Document Object Model DOM |
Quote from IBM Developer Works Elementary Textbook |
The Document Object model (commonly called DOM) defines a set of interfaces for the parsed version of an XML document. The parser reads the entire document and then constructs a tree that resides in memory, and your code can manipulate the tree structure using the DOM interface. You can traverse the tree to see what the original document contains, you can delete several parts of the tree, you can rearrange the tree and add new branches, and so on.
DOM is created by the consortium and is the official recommendation of the association.
DOM provides a rich set of features that you can use to interpret and manipulate XML documents, but use them for a price. When developing the original DOM for an XML document, many of the people on the Xml-dev mailing list raised a few questions about DOM: The DOM constructs the entire document-resident memory tree. If the document is large, it will require a great deal of memory. The DOM creates objects that represent everything in the original document, including elements, text, attributes, and spaces. If you just focus on a small part of the original document, creating objects that will never be used is extremely wasteful. The DOM parser must read the entire document before your code gets control. For very large documents, this can cause significant delays.

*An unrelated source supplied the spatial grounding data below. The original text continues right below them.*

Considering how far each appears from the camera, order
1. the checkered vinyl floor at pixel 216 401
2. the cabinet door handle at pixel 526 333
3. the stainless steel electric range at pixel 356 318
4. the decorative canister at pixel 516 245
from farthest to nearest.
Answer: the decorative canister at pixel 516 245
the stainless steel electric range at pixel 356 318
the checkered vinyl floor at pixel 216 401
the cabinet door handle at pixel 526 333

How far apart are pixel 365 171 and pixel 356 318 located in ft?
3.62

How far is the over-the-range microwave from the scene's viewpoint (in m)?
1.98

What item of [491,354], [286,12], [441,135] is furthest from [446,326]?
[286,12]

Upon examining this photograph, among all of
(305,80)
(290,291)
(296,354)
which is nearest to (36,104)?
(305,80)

These are simply problems caused by the design of the Document object model, and the DOM API is a very useful way to parse XML documents, aside from these issues.
Sax
To solve the DOM problem, the Xml-dev participants (led by David Megginson) created the SAX interface. Several features of sax solve the DOM problem: The SAX parser sends events to your code. It tells you when the parser discovers the start of the element, the end of the element, the text, the beginning or end of the document, and so on. You can decide what events are important to you, and you can decide what type of data structure you want to create to hold the information from those events. If you do not explicitly save data from an event, it is discarded. The SAX parser does not create any objects at all, it simply passes events to your application. If you want to create objects based on those events, this will be done by you. The SAX parser starts sending events at the beginning of parsing. When the parser discovers the start of the document, the start of the element, and the text, the code receives an event. Your application can start building results immediately; you don't have to wait until the entire document is parsed. Even better, if you only find something in your document, the code can throw an exception once it finds what you're looking for. The exception stops the SAX parser, and the code uses the data it finds to do whatever it needs to do.

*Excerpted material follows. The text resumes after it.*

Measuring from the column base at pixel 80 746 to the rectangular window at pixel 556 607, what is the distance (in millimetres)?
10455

To be fair, the SAX parser also has some concerns: Sax events are stateless. When the SAX parser finds text in an XML document, it sends an event to your code. The event only gives you the text you find; it does not tell you what elements contain that text. If you want to know this, you must write your own state management code. SAX events are not persistent. If your application needs a data structure to model an XML document, you must write that code yourself. If you need to access data from a SAX event and don't store that data in code, you'll have to parse the document again. SAX is not controlled by a centrally managed organization. Although this has not been a problem so far, some developers will feel more comfortable if SAX is controlled by an organization like the consortium.

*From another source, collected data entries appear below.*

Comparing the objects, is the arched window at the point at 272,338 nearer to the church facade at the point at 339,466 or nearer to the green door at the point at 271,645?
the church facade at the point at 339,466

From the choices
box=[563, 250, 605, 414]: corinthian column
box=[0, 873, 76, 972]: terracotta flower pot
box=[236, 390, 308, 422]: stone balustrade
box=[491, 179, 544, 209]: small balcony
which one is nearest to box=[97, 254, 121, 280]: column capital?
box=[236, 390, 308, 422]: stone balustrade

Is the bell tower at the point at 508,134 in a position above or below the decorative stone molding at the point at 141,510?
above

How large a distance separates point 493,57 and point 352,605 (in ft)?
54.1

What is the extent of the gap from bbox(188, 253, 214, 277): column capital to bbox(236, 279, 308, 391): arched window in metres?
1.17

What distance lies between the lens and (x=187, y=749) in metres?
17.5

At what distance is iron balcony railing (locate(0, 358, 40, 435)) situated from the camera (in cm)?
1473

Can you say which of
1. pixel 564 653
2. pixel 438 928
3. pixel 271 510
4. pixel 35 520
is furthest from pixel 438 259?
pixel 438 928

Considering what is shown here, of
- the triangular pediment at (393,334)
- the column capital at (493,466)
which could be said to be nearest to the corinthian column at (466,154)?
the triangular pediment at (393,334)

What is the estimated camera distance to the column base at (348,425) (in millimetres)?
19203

What kind of interface is right for you. |
|
To determine which interface is right for you, you need to understand the design essentials for all interfaces, and you need to understand what your application does with the XML document that you will be working on. Consider the following questions to help you find the right approach. Do you want to write your application in Java? Jaxp uses DOM, SAX, and JDOM; If you write code in Java, you should use JAXP to isolate your code from the specifics of the various parser implementations. how the application will be deployed. If your application is going to be deployed as a Java applet, you will want to minimize the number of code you want to download, and don't forget that the SAX parser is smaller than the DOM parser. Also know that using JDOM requires a small amount of code to be written in addition to SAX or DOM parsers. Once you parse an XML document, you need to access that data more than once. If you need to go back and access the parsed version of the XML file, DOM might be the right choice. When a SAX event is triggered, if you need it later, you (the developer) decide to save it in some way. If you need to access an event that has not been saved, you must resolve the file again. And the DOM automatically saves all the data. need only a small amount of content for the XML source file. If you only need a small amount of content in an XML source file, SAX might be the right choice. SAX does not create objects for everything in the source file; you want to determine what is important. With SAX, you check each event to see if it has something to do with your needs, and then process it accordingly. Even better, once you find what you're looking for, your code throws an exception to completely stop the SAX parser. are you working on a machine with little memory? If so, SAX is your best bet, regardless of what other factors you might consider.